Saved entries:
· · · · · · ·

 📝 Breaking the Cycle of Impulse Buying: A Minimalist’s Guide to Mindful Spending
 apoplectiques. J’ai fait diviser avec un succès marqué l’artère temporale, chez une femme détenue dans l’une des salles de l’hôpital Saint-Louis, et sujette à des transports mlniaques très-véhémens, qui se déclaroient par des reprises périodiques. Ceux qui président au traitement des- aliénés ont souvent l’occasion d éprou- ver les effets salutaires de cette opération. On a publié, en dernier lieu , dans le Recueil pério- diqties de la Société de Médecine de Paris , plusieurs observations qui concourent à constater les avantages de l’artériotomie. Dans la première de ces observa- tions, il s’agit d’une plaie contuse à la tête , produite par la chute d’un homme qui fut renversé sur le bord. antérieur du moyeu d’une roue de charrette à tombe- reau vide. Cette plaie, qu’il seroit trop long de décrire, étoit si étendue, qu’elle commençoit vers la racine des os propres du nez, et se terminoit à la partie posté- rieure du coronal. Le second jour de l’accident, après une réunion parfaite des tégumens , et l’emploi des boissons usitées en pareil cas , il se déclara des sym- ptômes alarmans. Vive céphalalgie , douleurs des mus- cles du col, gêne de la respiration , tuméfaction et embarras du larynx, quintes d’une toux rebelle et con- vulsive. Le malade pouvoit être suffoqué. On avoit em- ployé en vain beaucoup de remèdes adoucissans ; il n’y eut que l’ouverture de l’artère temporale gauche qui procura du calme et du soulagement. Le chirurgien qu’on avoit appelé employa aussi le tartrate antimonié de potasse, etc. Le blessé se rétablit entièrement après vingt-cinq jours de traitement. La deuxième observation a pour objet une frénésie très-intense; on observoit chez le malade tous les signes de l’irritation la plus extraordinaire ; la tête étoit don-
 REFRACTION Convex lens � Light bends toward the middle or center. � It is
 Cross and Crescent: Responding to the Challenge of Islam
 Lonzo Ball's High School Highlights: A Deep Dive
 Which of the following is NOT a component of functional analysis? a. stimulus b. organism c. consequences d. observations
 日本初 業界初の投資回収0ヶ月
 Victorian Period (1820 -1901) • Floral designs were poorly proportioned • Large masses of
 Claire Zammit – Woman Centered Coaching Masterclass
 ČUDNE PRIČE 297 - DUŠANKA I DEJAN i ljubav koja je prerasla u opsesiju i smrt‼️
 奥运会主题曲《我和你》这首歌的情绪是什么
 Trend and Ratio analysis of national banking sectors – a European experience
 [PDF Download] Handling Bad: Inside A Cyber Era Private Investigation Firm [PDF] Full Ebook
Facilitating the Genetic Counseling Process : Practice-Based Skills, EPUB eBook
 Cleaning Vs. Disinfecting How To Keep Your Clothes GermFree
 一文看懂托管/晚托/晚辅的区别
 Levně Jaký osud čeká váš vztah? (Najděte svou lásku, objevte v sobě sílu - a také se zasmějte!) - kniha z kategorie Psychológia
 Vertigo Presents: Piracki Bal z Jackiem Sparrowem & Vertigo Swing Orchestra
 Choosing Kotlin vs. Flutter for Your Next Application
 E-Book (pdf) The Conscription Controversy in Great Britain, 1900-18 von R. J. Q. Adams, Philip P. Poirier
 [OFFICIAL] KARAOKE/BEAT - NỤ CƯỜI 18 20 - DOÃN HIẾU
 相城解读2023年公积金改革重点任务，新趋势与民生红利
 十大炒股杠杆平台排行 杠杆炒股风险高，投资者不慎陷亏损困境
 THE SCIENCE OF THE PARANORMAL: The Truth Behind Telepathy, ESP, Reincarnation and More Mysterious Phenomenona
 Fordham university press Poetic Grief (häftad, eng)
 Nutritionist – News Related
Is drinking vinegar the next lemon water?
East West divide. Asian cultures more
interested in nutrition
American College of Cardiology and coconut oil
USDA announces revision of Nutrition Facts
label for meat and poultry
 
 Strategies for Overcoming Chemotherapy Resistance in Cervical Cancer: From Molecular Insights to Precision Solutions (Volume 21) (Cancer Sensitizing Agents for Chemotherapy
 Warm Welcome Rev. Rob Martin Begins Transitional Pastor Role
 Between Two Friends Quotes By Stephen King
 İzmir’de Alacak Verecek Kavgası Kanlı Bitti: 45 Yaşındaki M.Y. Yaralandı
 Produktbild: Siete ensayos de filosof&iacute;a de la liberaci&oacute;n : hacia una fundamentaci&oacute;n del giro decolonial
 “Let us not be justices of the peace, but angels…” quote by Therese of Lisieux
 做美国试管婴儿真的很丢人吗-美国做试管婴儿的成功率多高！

· · · · · · ·

(TASK GOAL):
A reply should hold exactly the lines from the one containing "Vertigo Presents: Piracki" through the end of the data above, nothing more.

(EXPECTED ANSWER):
 Vertigo Presents: Piracki Bal z Jackiem Sparrowem & Vertigo Swing Orchestra
 Choosing Kotlin vs. Flutter for Your Next Application
 E-Book (pdf) The Conscription Controversy in Great Britain, 1900-18 von R. J. Q. Adams, Philip P. Poirier
 [OFFICIAL] KARAOKE/BEAT - NỤ CƯỜI 18 20 - DOÃN HIẾU
 相城解读2023年公积金改革重点任务，新趋势与民生红利
 十大炒股杠杆平台排行 杠杆炒股风险高，投资者不慎陷亏损困境
 THE SCIENCE OF THE PARANORMAL: The Truth Behind Telepathy, ESP, Reincarnation and More Mysterious Phenomenona
 Fordham university press Poetic Grief (häftad, eng)
 Nutritionist – News Related
Is drinking vinegar the next lemon water?
East West divide. Asian cultures more
interested in nutrition
American College of Cardiology and coconut oil
USDA announces revision of Nutrition Facts
label for meat and poultry
 
 Strategies for Overcoming Chemotherapy Resistance in Cervical Cancer: From Molecular Insights to Precision Solutions (Volume 21) (Cancer Sensitizing Agents for Chemotherapy
 Warm Welcome Rev. Rob Martin Begins Transitional Pastor Role
 Between Two Friends Quotes By Stephen King
 İzmir’de Alacak Verecek Kavgası Kanlı Bitti: 45 Yaşındaki M.Y. Yaralandı
 Produktbild: Siete ensayos de filosof&iacute;a de la liberaci&oacute;n : hacia una fundamentaci&oacute;n del giro decolonial
 “Let us not be justices of the peace, but angels…” quote by Therese of Lisieux
 做美国试管婴儿真的很丢人吗-美国做试管婴儿的成功率多高！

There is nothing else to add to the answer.